9. Potential Medium-Term Enhancements
| Area | Improvement |
|---|---|
| Prompt Robustness | Add JSON schema validation (e.g., jsonschema) & auto-regeneration for malformed outputs |
| Performance | Embed asynchronously / stream generation if backend supports it |
| Multi-Provider | Abstract provider strategy for HuggingFace, Together, OpenAI with pluggable client classes |
| Caching | Cache embeddings per PDF hash to avoid reprocessing identical documents |
| Analytics | Track generation latency, validation pass rate, average similarity in structured logs |
| i18n | Parameterize language; currently prompts in Vietnamese only |
10. Security & Operational Notes
- Ensure
TOGETHER_KEYis not committed; rely on environment variables / secret managers. - Limit PDF size and number of pages to prevent excessive memory or token usage.
- Consider sanitizing extracted text (remove personally identifiable info) before sending to LLM if sensitive documents are used.

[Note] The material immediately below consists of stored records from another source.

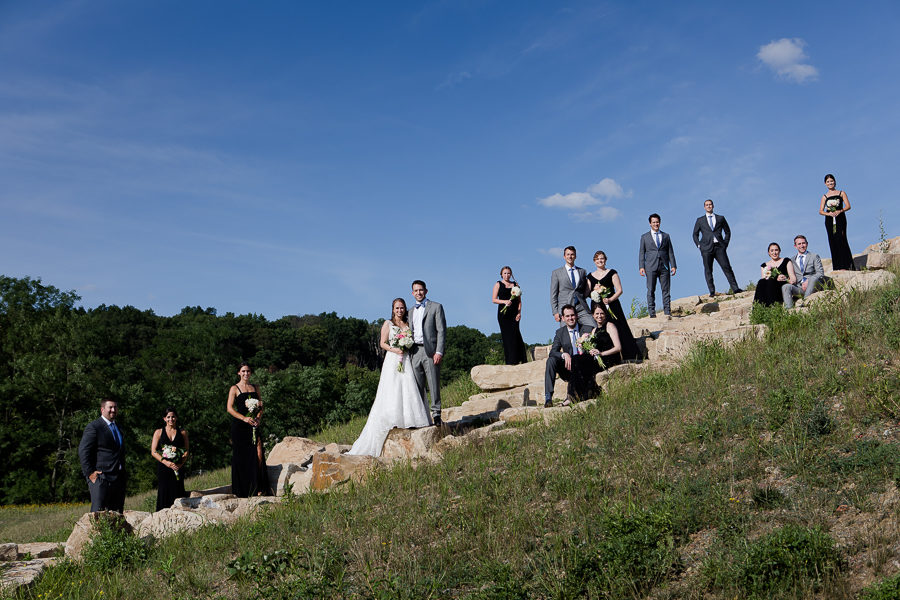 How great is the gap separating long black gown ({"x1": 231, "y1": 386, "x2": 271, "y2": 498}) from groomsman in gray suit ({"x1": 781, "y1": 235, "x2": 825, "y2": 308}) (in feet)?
33.8

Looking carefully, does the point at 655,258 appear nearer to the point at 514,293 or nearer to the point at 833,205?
the point at 514,293

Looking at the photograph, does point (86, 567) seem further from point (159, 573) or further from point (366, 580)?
point (366, 580)

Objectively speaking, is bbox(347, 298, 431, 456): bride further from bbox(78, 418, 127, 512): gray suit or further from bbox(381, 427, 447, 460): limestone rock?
bbox(78, 418, 127, 512): gray suit

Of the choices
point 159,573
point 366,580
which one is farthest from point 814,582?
point 159,573

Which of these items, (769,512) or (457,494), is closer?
(769,512)

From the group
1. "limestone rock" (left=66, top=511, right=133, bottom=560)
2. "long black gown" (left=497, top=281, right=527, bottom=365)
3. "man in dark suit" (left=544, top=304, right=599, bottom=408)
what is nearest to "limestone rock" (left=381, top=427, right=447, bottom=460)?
"man in dark suit" (left=544, top=304, right=599, bottom=408)

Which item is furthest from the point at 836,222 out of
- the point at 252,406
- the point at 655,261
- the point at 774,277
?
the point at 252,406

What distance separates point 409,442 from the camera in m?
9.48

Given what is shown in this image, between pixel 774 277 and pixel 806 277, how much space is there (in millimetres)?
803

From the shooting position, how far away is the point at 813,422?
6609 millimetres

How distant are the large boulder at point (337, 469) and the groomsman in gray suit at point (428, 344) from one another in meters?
1.64

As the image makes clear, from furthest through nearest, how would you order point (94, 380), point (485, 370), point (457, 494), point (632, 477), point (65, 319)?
point (65, 319)
point (94, 380)
point (485, 370)
point (457, 494)
point (632, 477)

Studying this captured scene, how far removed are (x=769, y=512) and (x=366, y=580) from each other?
3437 millimetres

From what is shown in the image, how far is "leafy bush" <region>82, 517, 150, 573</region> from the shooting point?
724cm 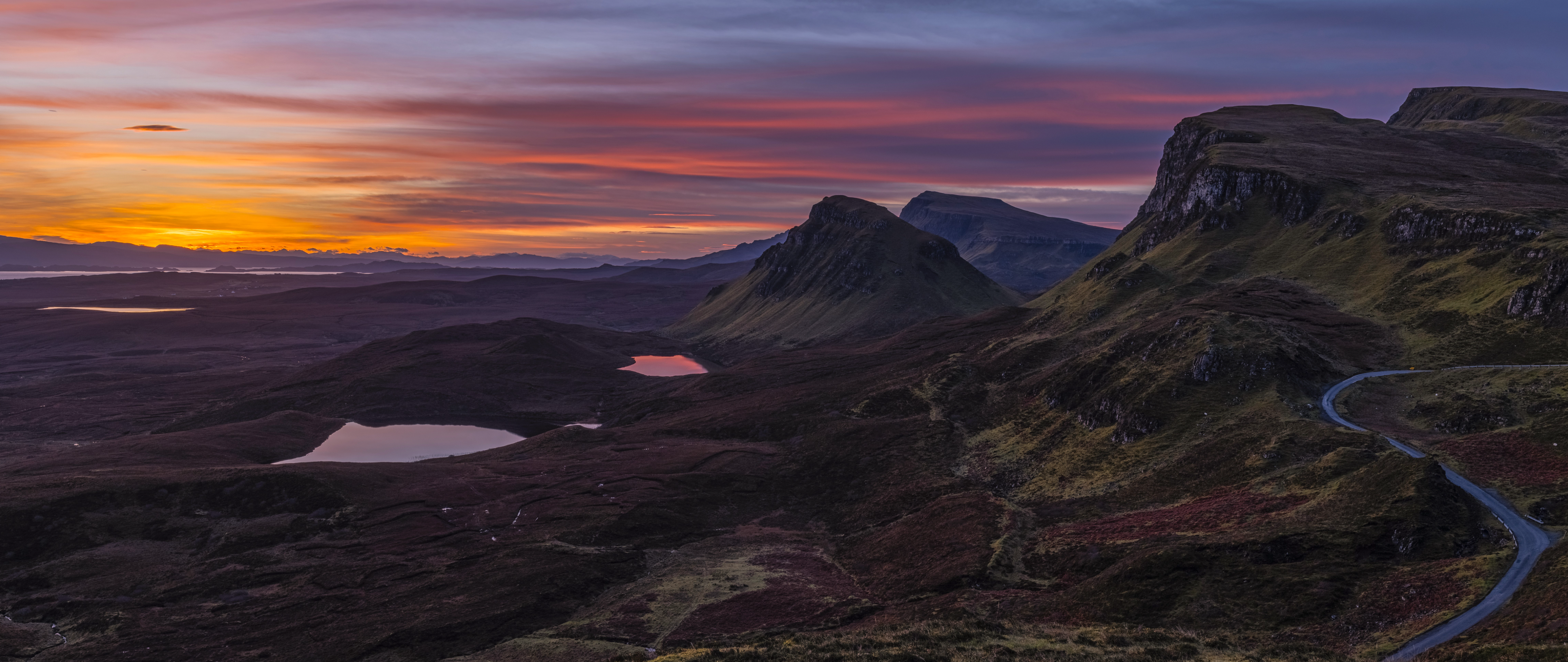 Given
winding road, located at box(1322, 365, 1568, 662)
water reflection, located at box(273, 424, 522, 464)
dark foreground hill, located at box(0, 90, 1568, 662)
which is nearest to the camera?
winding road, located at box(1322, 365, 1568, 662)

- Add request timeout & retry logic for the LLM API (current single call may raise immediately).
11. Quick Start (Local)
- Set API key:
setx TOGETHER_KEY "your_api_key"(then restart shell). - Install dependencies:
pip install -r requirements.txt. - Run API:
uvicorn app:app --reload. - POST a PDF to
/generate.
12. Summary
The system cleanly separates HTTP handling from the core RAG pipeline. Text is chunked at sentence boundaries, embedded, indexed (FAISS if available), and retrieved to assemble focused contexts that guide a JSON-constrained MCQ generation prompt. Optional validation uses embedding similarity and secondary model verification to flag unsupported questions. Suggested refactors improve safety, clarity, extensibility, and readiness for multi-provider expansion.
This report delivers architectural insight, workflow diagrams, detailed pipeline mechanics, API contract, and actionable improvement ideas for rapid comprehension and iteration.